**Activity**
The result should be the lines from the one holding "Marchio di navigazione" to the final line of the records, retyped exactly.

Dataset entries
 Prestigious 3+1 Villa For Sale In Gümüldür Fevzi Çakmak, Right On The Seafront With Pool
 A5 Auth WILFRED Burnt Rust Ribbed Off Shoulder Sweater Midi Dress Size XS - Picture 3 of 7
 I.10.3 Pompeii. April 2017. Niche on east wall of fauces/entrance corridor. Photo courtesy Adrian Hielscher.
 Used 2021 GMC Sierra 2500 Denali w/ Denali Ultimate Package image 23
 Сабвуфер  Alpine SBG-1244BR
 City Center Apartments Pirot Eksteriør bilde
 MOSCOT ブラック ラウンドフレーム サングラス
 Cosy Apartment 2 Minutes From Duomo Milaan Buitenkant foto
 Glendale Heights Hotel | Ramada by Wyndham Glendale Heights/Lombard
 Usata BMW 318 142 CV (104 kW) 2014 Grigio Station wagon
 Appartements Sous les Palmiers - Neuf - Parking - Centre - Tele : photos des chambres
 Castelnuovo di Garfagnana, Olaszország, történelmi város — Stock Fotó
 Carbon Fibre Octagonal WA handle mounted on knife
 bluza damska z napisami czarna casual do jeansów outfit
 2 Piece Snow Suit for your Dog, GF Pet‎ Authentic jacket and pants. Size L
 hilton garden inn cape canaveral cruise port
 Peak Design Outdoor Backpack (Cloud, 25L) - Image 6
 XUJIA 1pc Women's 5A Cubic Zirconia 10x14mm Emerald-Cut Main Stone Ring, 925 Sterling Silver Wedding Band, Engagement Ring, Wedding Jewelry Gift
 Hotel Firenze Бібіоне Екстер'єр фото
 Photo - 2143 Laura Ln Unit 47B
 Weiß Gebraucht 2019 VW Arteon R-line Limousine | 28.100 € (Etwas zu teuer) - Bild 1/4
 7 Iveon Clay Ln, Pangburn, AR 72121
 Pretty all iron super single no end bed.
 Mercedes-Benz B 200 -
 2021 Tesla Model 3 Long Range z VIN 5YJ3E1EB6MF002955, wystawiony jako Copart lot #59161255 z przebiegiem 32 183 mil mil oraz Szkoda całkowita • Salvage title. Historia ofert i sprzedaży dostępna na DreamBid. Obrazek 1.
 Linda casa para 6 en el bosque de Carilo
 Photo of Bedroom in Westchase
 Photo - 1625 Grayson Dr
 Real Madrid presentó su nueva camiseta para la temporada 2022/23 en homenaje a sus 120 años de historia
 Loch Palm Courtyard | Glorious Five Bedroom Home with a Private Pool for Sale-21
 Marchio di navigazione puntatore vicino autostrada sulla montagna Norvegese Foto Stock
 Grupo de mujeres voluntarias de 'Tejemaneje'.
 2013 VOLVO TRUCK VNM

**Response below**
 Marchio di navigazione puntatore vicino autostrada sulla montagna Norvegese Foto Stock
 Grupo de mujeres voluntarias de 'Tejemaneje'.
 2013 VOLVO TRUCK VNM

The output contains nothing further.